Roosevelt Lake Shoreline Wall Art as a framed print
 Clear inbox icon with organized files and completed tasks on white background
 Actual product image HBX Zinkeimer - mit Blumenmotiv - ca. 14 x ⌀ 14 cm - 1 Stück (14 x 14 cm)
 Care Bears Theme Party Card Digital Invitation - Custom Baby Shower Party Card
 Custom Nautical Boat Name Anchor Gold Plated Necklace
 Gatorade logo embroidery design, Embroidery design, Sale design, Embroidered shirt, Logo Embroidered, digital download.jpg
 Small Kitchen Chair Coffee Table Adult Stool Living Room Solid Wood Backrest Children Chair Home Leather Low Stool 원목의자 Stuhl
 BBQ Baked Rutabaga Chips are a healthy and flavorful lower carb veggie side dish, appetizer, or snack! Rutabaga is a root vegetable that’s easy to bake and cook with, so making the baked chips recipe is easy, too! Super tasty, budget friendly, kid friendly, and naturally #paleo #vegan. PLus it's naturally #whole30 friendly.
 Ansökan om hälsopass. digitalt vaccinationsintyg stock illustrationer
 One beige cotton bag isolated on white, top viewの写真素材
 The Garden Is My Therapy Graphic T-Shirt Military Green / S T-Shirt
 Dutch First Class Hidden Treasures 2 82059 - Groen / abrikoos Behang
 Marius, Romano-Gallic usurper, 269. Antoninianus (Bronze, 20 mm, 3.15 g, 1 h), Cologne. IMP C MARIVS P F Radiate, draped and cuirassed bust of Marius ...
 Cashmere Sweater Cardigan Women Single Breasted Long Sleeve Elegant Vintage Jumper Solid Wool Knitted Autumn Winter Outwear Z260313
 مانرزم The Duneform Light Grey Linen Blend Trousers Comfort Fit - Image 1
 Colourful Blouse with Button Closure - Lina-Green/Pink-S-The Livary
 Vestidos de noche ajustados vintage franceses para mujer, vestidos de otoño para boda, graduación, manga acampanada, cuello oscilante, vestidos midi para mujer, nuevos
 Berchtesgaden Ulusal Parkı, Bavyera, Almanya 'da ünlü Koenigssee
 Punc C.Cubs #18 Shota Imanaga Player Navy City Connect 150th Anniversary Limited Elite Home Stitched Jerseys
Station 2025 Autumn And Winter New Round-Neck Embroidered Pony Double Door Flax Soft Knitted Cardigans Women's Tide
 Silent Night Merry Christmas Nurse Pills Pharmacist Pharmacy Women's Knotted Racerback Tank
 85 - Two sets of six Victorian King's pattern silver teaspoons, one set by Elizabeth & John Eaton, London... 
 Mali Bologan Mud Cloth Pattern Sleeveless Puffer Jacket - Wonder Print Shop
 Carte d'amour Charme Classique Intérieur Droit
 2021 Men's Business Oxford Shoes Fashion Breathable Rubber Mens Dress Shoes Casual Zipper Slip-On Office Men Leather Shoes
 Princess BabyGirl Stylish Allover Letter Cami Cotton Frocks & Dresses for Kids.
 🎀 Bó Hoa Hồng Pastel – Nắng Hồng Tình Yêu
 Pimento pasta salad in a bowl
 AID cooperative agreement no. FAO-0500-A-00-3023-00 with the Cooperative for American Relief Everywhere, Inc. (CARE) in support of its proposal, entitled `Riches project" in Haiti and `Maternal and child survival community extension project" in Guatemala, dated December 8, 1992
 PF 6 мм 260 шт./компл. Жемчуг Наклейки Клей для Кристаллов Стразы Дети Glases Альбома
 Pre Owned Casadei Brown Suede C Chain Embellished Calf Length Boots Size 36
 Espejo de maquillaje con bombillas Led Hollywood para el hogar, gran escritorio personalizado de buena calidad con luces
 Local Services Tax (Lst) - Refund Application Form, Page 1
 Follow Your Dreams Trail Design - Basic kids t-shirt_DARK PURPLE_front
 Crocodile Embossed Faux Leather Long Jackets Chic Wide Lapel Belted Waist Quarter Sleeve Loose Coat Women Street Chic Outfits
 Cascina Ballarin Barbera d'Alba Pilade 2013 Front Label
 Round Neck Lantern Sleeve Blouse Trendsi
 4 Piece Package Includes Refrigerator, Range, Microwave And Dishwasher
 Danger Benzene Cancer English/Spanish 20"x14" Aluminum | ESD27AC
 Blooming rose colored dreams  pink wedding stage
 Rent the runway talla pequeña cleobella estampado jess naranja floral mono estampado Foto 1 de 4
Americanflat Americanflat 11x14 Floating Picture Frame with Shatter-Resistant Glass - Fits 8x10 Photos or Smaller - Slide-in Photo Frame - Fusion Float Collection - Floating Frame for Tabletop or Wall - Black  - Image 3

-- The task --
Only the lines holding the word "white" belong in the answer; copy them from the listing above.

-- Reply --
 Clear inbox icon with organized files and completed tasks on white background
 One beige cotton bag isolated on white, top viewの写真素材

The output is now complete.